Over the last 10 years, particularly in Customer Success where there's a lot of focus around risk assessment, many of the tools and the data are tailored towards “highlighting” risk which we’re very good at and is a key component of CS. What I’m a big advocate for however is extending risk assessment into risk forecasting. The difference between these two is the difference between identifying a problem versus actually committing to an outcome. 

 

For example, I’ve attended many risk and health assessment meetings where we spend hours in conversations around customers' health, assessing what the problems are, and what we should do about it next. But then, nothing happens because in many cases there aren’t any real individual consequences to inaction. 

 

This is why I will always advocate for individual CSM risk forecasting as a key discipline in parallel to risk assessment. 

 

Take a look at a high functioning Sales organization. The ability to forecast deals is a non negotiable. It's the ability to know where you're going to be at the end of the quarter and then give your manager the confidence that you're going to land within that range. In most cases, Sales managers don't care what the actual makeup of that spread is, as long as the salesperson hits within that committed range.

 

I see Customer Success, particularly higher touch CS, as being no different. CSMs have a book of business and in many cases a clear commercial event (renewal). It’s the CSMs responsibility forecast where they will land within that range of ACV, churn, MRR, etc and hold themselves to account for that.  Without this discipline, It's very easy for a CSM to find themselves at the end of the quarter in the same situation they were in at the beginning of the quarter, because at no point during the quarter were they put under scrutiny to make that call and to deliver on that commitment.

 

One question that can come up around this topic is about who in the organization should own the renewal forecast—CS or Sales.
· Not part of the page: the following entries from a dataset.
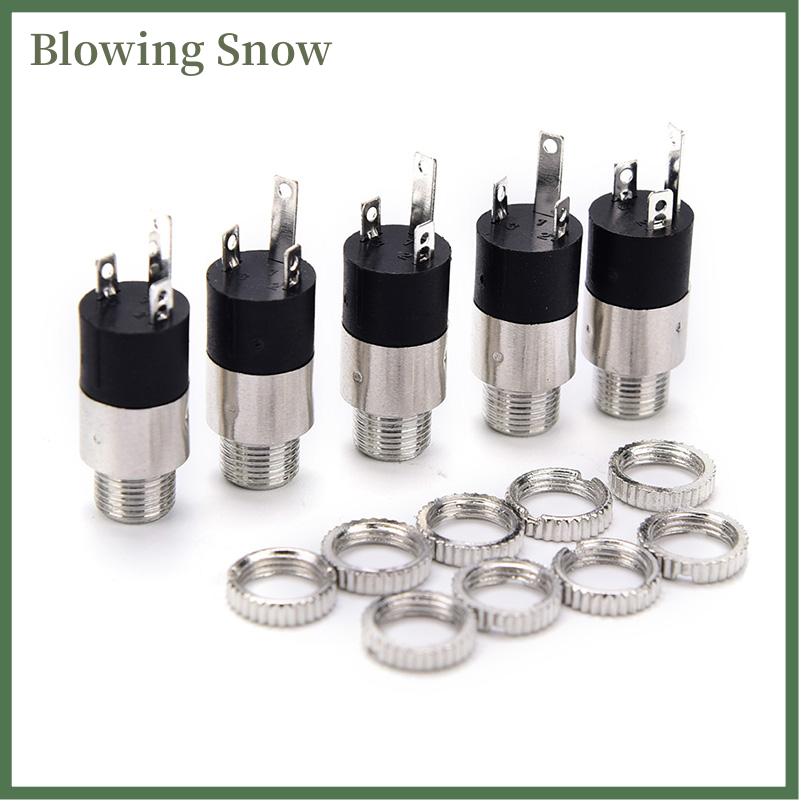 Blowing 5pcs pj392 3.5mm stereo female sockect jack 3.5 audio headphone connector silver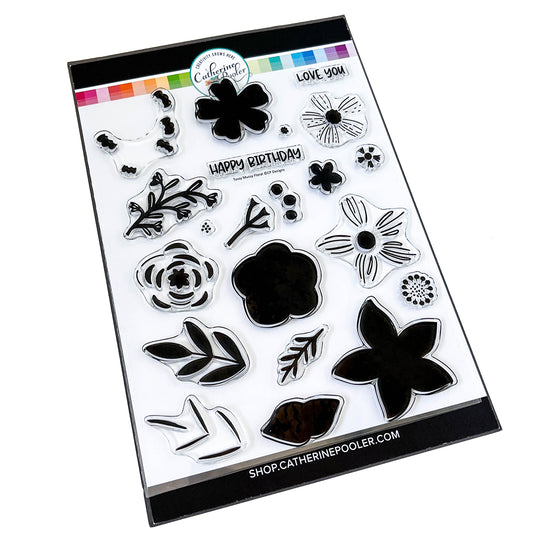 Tussy Mussy Floral Stamp Set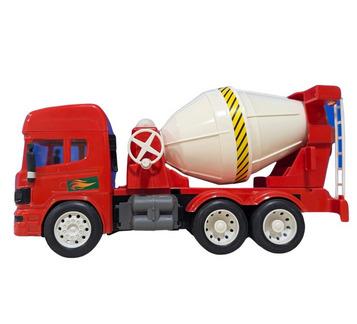 SANCOTOYS Quality Wins Sanco Toys Kids Friction-Powered Concrete Mixer Truck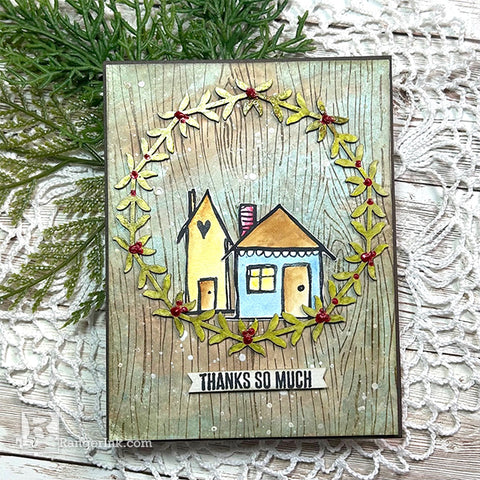 Wendy Vecchi Winter Thank You Card by Kimberly Boliver Finished Project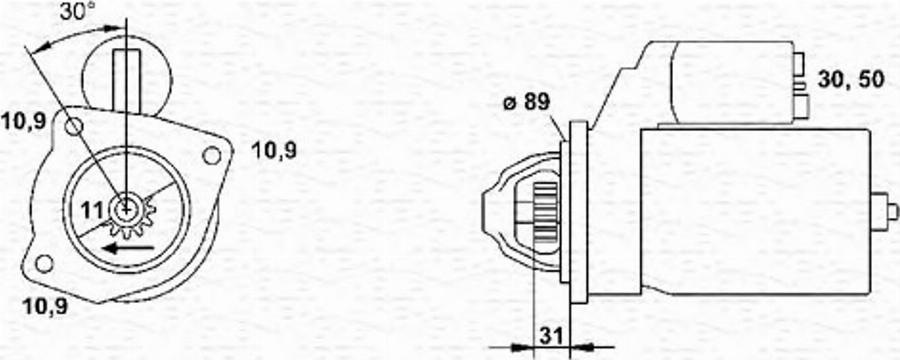 Magneti Marelli 943 25 224 901 0 - Стартер autodnr.net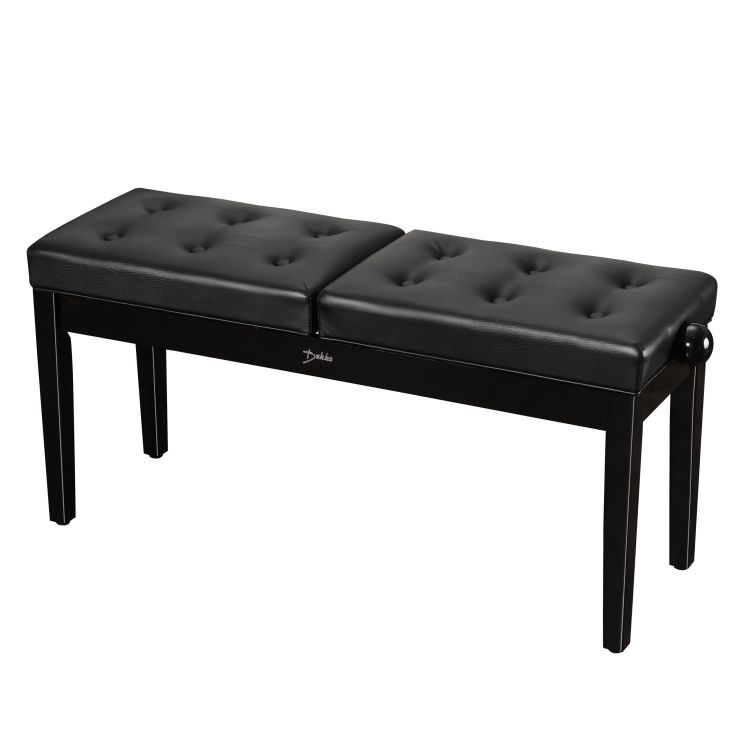 Банкетка для пианино или рояля DEKKO JR-207 BK двойная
From my perspective, the CS organization should own the call on the renewal forecast. Acting on that forecast call comes down to CS aligning with the Sales or renewal org to pull the strings to make it happen. Responsibility for  making a forecast call doesn't mean that you necessarily need to be personally in a renewal commercial conversation. What it does mean is that as a CSM, irrespective of what your comp plan says and of what your KPIs are, your job is to ensure that customers see value in what they originally invested in your product to achieve, and to make the call as to whether or not that's the case and if they will renew or not. 

 

It’s one thing to want to be a CSM, to want to be making connections, to want the org to acknowledge the work we do. But real excellence comes from having the discipline to be able to commit to a forecast and an outcome that you know will be difficult and could leave you exposed but you do it non the less.  In terms of skill sets, I believe this is a gap in CSM enablement. I am obsessed with discipline and with training CSMs the same way as a Sales organization views enablement. 

 

We need to evaluate CSMs on areas like:

  • Can they build champions? 
  • Can they forecast risk? 
  • Can they qualify risk? 
  • Can they create opportunities? 
  • Can they embrace difficult conversations?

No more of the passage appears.